My pull list this week consisted of The All-New, All Different Avengers #10 from Marvel, Moon Knight #3 from Marvel, Civil War II #1 from Marvel, Rebirth: Green Arrow, Rebirth: Superman, Rebirth: Batman, and Rebirth: Green Lanterns. All number ones and all from DC Comics. In ANAD Avengers, the all new, all different team go on their first space mission to find Nova’s dad. By Mark Waid and Mahmud Asrar. In Moon Knight, Marc and company continue their escape from the mental asylum, which may or may not be an illusion crafted by Ammut, servant of the god Seth. By Jeff Lemire and Greg Smallwood. In Rebirth: Green Arrow #1, the start of DC’s new status quo continues as Green Arrow and Black Canary are inexplicably drawn together, just in time to investigate the disappearance of Seattle’s homeless. By Benjamin Percy and Otto Schmidt. In Rebirth: Batman #1, Batman takes on the Calendar Man, and recruits a new ally. By Scott Snyder and Tom King and Mikel Janin. In Rebirth: Superman #1, the pre-Flashpoint Superman takes over the role after the death of the New 52 Superman. If you haven’t been keeping up with Superman, like I haven’t, I would suggest picking up the eight-issue mini Superman: Lois and Clark before reading this one. It might allay some of the confusion. In Rebirth: Green Lanterns #1, Corps trainer Hal Jordan literally forces Lanterns Simon Baz and Jessica Cruz of Sector 2814 to work as a team, and just in time to face a threat from the Manhunters. By Geoff Johns, Sam Humphries, Ethan van Sciver, and Ed Benes. Great books, all.
Another war begins. The spoils? The future.
The Marvel Universe is about to have to choose sides. Friend will fight friend, and the line will be split down the center of the Marvel Universe. If this sounds like 2006’s Civil War, you’re not wrong. But the stakes are higher this time, and the shocks and twists are bound to be plentiful. The debate this time isn’t to register or not to register. This time it’s, if you have the means to change the future, do you?

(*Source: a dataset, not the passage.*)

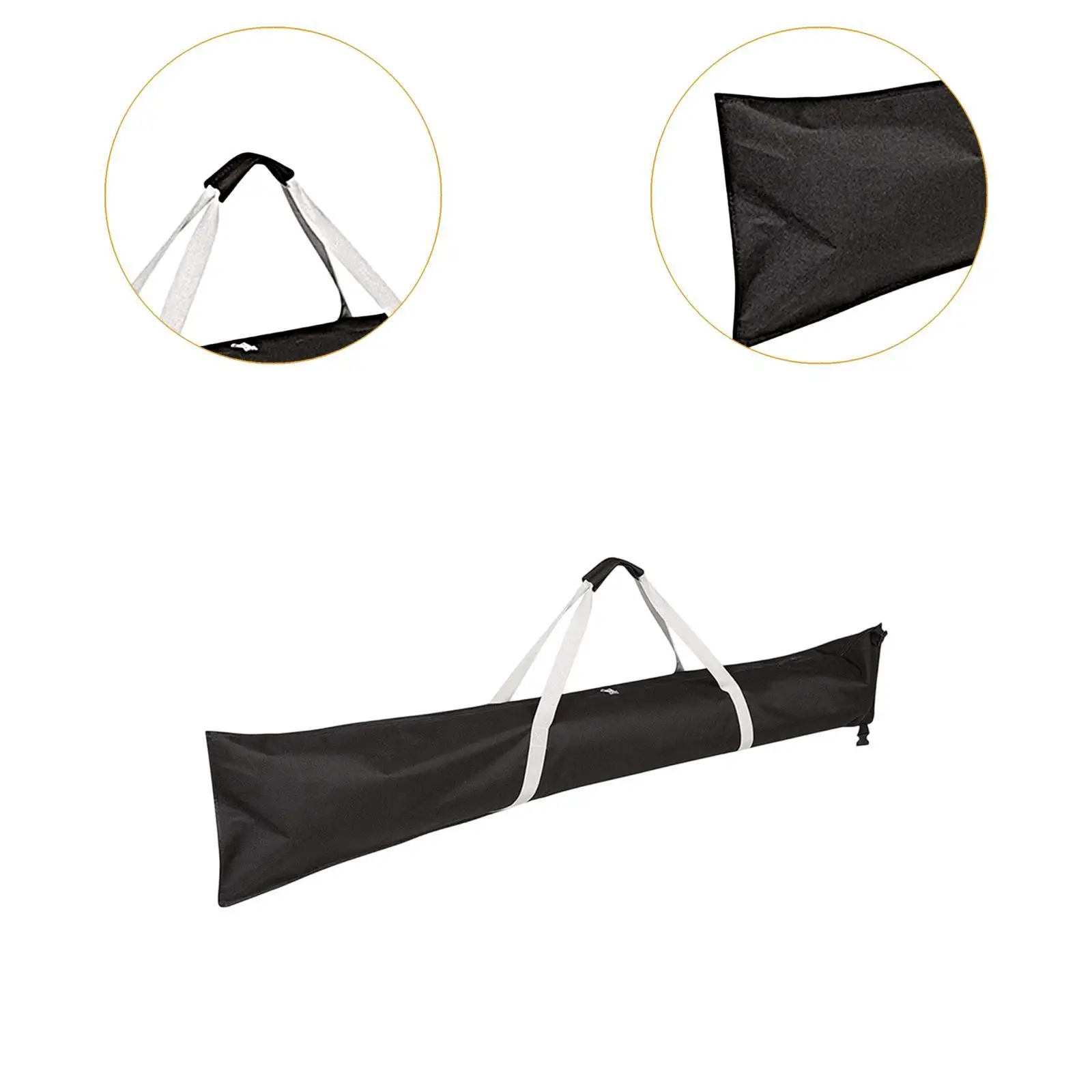 

Сумка для лыжного снаряжения, водонепроницаемый прочный органайзер с гладкой молнией для аксессуаров для зимних видов спорта на открытом воздухе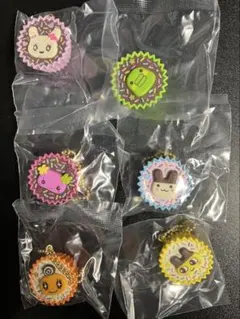 「全6種」 たまごっち 手作りおやつチャーム #平成女児チョコ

Without giving spoilers away, because it’s possible some of you haven’t read it (and I don’t want to be that guy), “protect the future” or “change the future” are the choices the heroes find themselves up against when they discover a means to change the future. If you find out something bad is going to happen, do you stop it? If you find out that someone is going to grow up to be the worst tyrant the world has ever known, do you kill that someone? Is the future set in stone or will things happen differently? Where do you draw the line?
Captain Marvel and her team, The Ultimates, which exists by that very mission statement, to stop crimes before they happen, acts on information provided from the future, which results in the very unexpected death of a beloved B-list character. And as if that wasn’t bad enough, it results in the apparent death of still another important member of the Marvel U. And from there, things get nuts.
Writer Brian Michael Bendis is no stranger to big events, and he solidly delivers on this one. The story takes off at page one, with almost all of Marvel herodom assembled. David Marquez and Justin Ponsor knock it out of the park with art and colors. Clean, and crisp, exciting visuals from both.
This is more than a fight from government oversight. There is a big decision to be made. Because Captain Marvel’s group acted before an agreement could be reached on how to use this new, prophetic tool, there’s a price to be paid. I think we’re all suffering from event fatigue, but this is one to take a deep breath and hop into. This is just the beginning, and you won’t want to miss out on what happens here. Be sure to read the issue before you see spoilers. The Marvel Universe is about to explode. The next big event is here, and there will be blood.
That’s it for this week. Not to sound like a DC shill, but go check out Rebirth if you haven’t already. I think you’ll be pleased. I won’t give you your money back if you don’t like it, but we can always talk about it.